After Reservoir Dogs came out, it began a slew of copycats trying to mimic that style, even if it owed a little to the vibrant, rough dynamism of something like Mean Streets, crossed with Tarantino’s love of Hong Kong cinema and Godard. Many of the copycats almost do a slight disservice to Dogs, making the film seem somewhat formulaic, but in its approach and characterisations, in what could work brilliantly as a stage play, it is anything but. Characters feel unique and the superb cast, was an absolute gift for a newcomer (very few have been quite as lucky as Tarantino was with their first cast). Tim Roth, Steve Buscemi, Chris Penn, Harvey Keitel and a scene stealing, ear chopping Michael Madsen are all excellent. There’s nothing elaborate in the way QT shoots and cuts the scenes. He keeps it simple and unobtrusive. He never takes focus or overpowers attention away from the stellar cast and they get ample time to shine. It’s the kind of expert delivery that comes from a master maybe 3-4 films into their CV when they’ve honed their craft, but this was his opening gambit.
By the time he followed up, a few years had passed. Sometimes this is enough to be forgotten about, but there was a huge clamour for his next and Pulp Fiction did not disappoint. As an aside, around that time Tarantino handed a script (he’d been long pitching) to Tony Scott. True Romance is pure unadulterated Tarantino in every respect and allowed a certain visual glamour that someone like Tony Scott could bring to it. It’s an amazing movie which includes something that Tarantino also had in Pulp Fiction…a near film stealing, one scene cameo from Christopher Walken.
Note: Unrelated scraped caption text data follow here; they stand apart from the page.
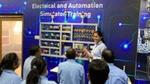 Factory team members in blue shirts receiving training in 4th Industrial Revolution technologies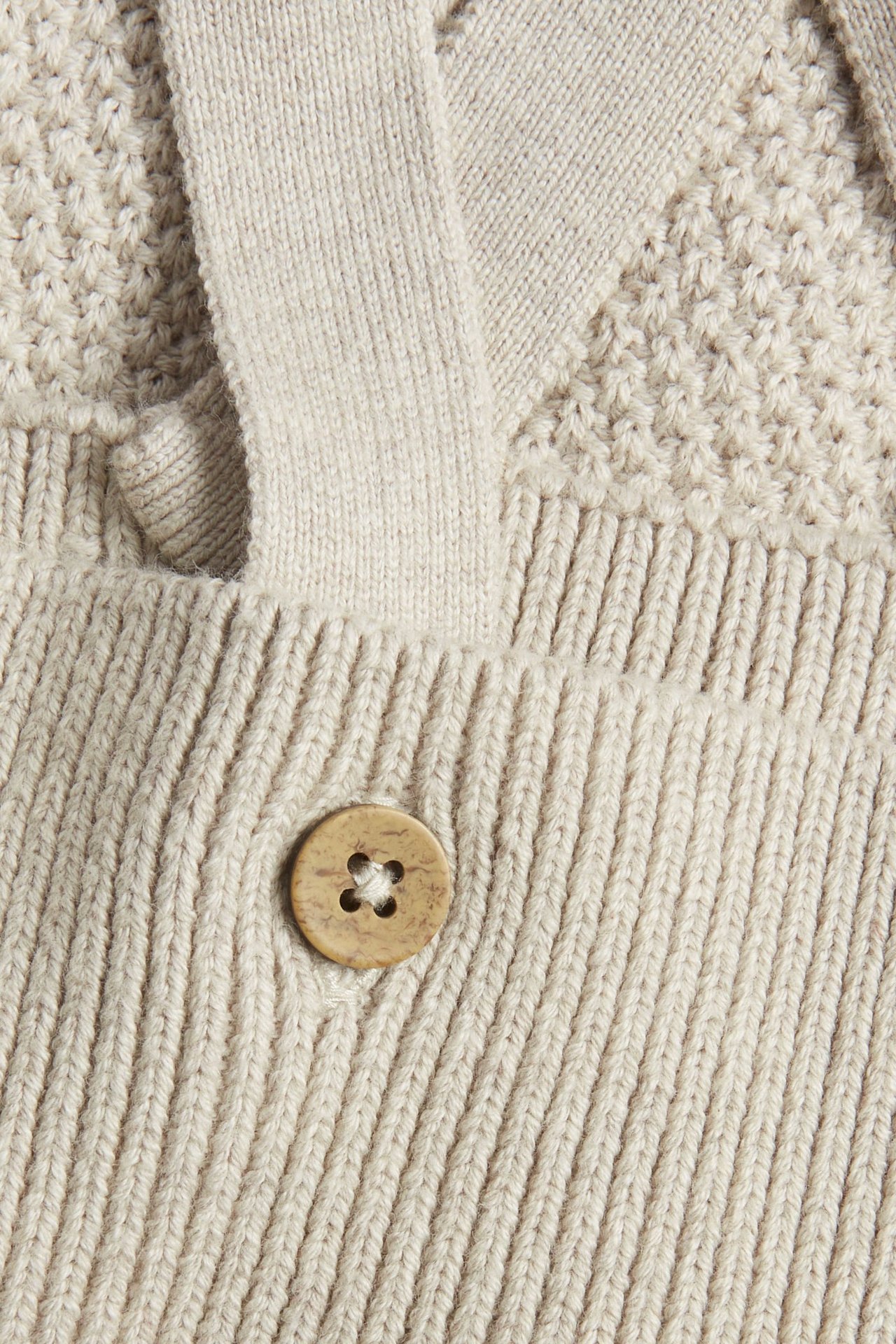 Nærbilde av beige melert strukturstrikket babyselebukse med stropp og treknapp.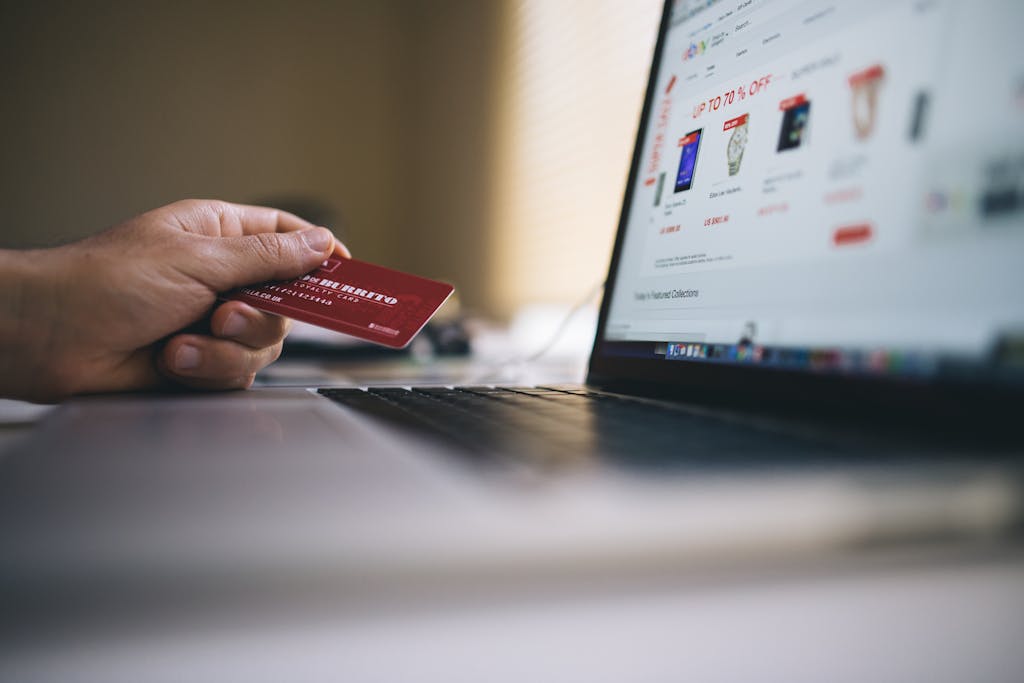 Person holding a credit card while shopping online on a laptop, indicating ecommerce transactions. ankara e-ticaret web sitesi yapimi ve paketleri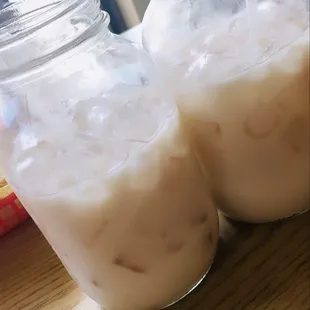 two jars of milk on a table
Pulp Fiction was a dazzling, complex, pulpy (as the title suggests) and instantly iconic piece of work. It had a mix of established actors, some of whom (Travolta) had fallen out of favour in recent years. Tarantino again injected the film with the seemingly inane. Discussions about fast food outlets. They seem out of place until they’re not. There was a method to Tarantino’s indulgent madness. Again, the narrative structure was sliced, diced and reassembled out of chronology, but played out engagingly and never becomes a chore to decode. It wasn’t merely for the sake of it, which is something many Tarantino-clones fail to see in their dubious photocopies.
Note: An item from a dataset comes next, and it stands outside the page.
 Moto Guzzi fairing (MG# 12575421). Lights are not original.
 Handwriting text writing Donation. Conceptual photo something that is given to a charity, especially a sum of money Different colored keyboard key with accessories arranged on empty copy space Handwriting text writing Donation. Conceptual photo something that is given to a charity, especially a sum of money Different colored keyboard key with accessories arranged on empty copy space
Fiction would also continue a trend that we first saw in Dogs and has become part and parcel of the Tarantino film. Every actor raises their game. No one is ever below par in a Tarantino film. Samuel L. Jackson is immense here, as is Uma Thurman, Travolta, Bruce Willis, Tim Roth, Amanda Plummer, Peter Greene, Ving Rhames, Harvey Keitel, basically everyone who appears. It perhaps only ever goes to accentuate, in those director cameos, that Tarantino really isn’t an actor.